/storage/brno12-cerit/ and frontend zuphux outage

18-19.8.2024 - /storage/brno12-cerit/ and frontend zuphux outage

update 26.8., 15 PM: the disk array is back in operation and the data should be readable. Please report any problems. Thank you for your understanding.

update 26.8. from 10:30 AM: during this morning the disk array will be briefly unavailable, we are trying to re-access unreadable data. We apologize for the inconvenience.

update 20.8.:

We regret to inform you that we have been experiencing significant hardware issues with the /storage/brno12-cerit/ directory since Sunday.

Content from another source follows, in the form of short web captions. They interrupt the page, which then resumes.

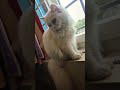 My Maskara ♥️🐱#catlove #catshorts #catvideos #kittens #petshorts #pets #petlovers #kittencuddles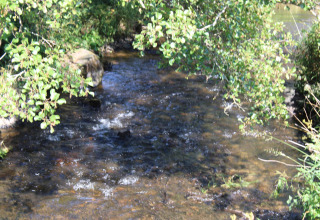 A small stream surrounded by green trees at Camping Oos Heem holiday park in Liège, Belgium.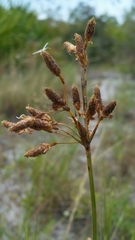 Fimbristylis caroliniana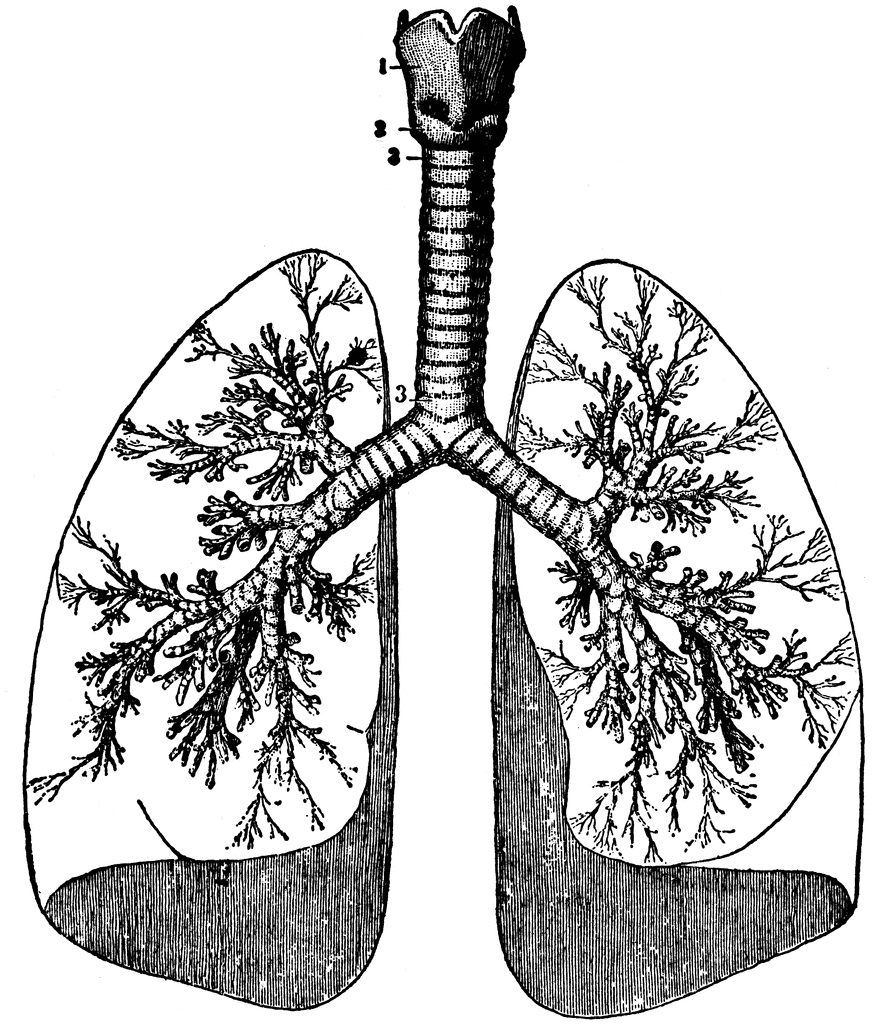 How to draw diagram of human lung easily  step by step  YouTube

A small part of the data in /storage/brno12-cerit is now inaccessible due to a failure on one of the disk arrays, attempting to read it is showing up as an Input/Output error (in terms of blocks of data this is about 1.1%, but since large files over 4MB are spread across multiple devices it is more likely that at least some of them are affected). The fault is being addressed by the manufacturer's support. So far, the data is not definitively lost, but we don't currently know when it will be made available, or whether it will all be OK in the end. If you need some of them quickly, it may be more efficient reload the data (if it was primary input) or recalculate what is needed.

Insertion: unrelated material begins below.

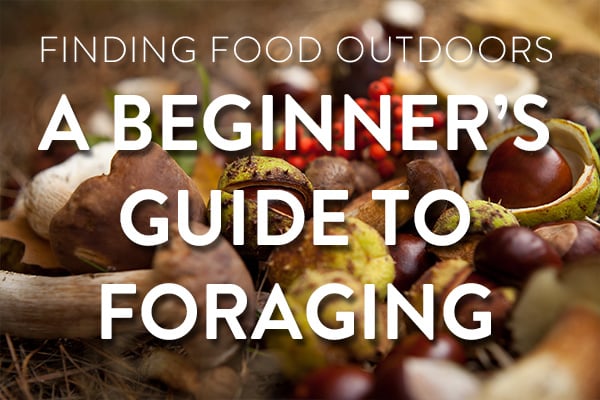 foraging-food-feature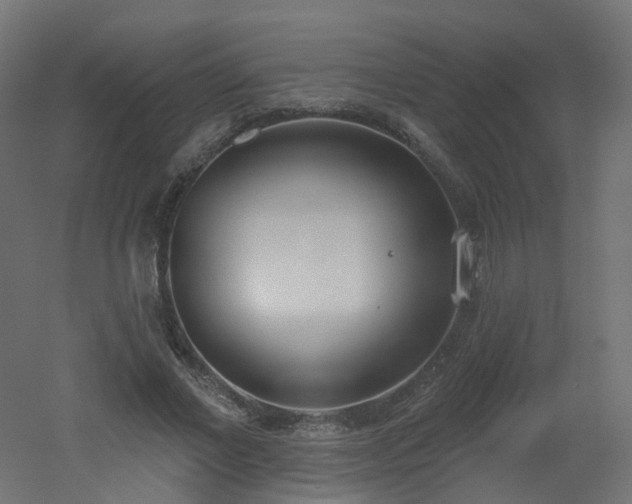 X0000051920685200506241509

Otherwise, right now /storage/brno12-cerit is running normally, and there's no particular reason to assume that other data is more at risk than usual (however, given the size of the repository, this is not independently backed up, certainly it is not intended for archival or otherwise irreplaceable data), except that there may still be some limitations on operation while the broken piece of hardware is repaired.

Please note that due to the priority to increase the maximum capacity offered, it is not possible to perform a full backup of all data on storage of this size.
To ensure full backups we would need to at least double the funding to purchase suitable HW. As the archive purposes cover the disk arrays of the CESNET Data Care departement, and the branch repositories are also being prepared within the EOSC project, we only backup on our disk arrays in the form of snapshots. These offer some protection in case a user inadvertently deletes some of his files. In general, data that existed same days before the accident can be restored. However, snapshots are stored on the same disk arrays as the data itself, so in the event of a hardware failure these backups may be lost :-(
https://docs.metacentrum.cz/data/metacentrum-backup/

We are very sorry, we try to do our best to get back the lost data together with the HW vendor.

If you need it very urgently, please send the jobs to the system once again. We are able to make your priority higher (to start jobs as soon as possible), if needed.

Thank you for your understanding.

everything-fails-all-the -time-amazon

update 19.8.: update 19.8.: the disk array is only working in limited mode, with short outages. If possible, limit work on this array. We are trying to stabilize the situation.

update 18.8. at 8PM: the storage is back in operation

Dear users,

currently the disk array /storage/brno12-cerit/ is unavailable, we are working on fixing the problem. Also the zuphux frontend is unavailable.

If possible, use other storage and frontends for now.

Thank you for your understanding,

your MetaCentrum Team

Ivana Křenková, Sun Aug 18 15:00:00 CEST 2024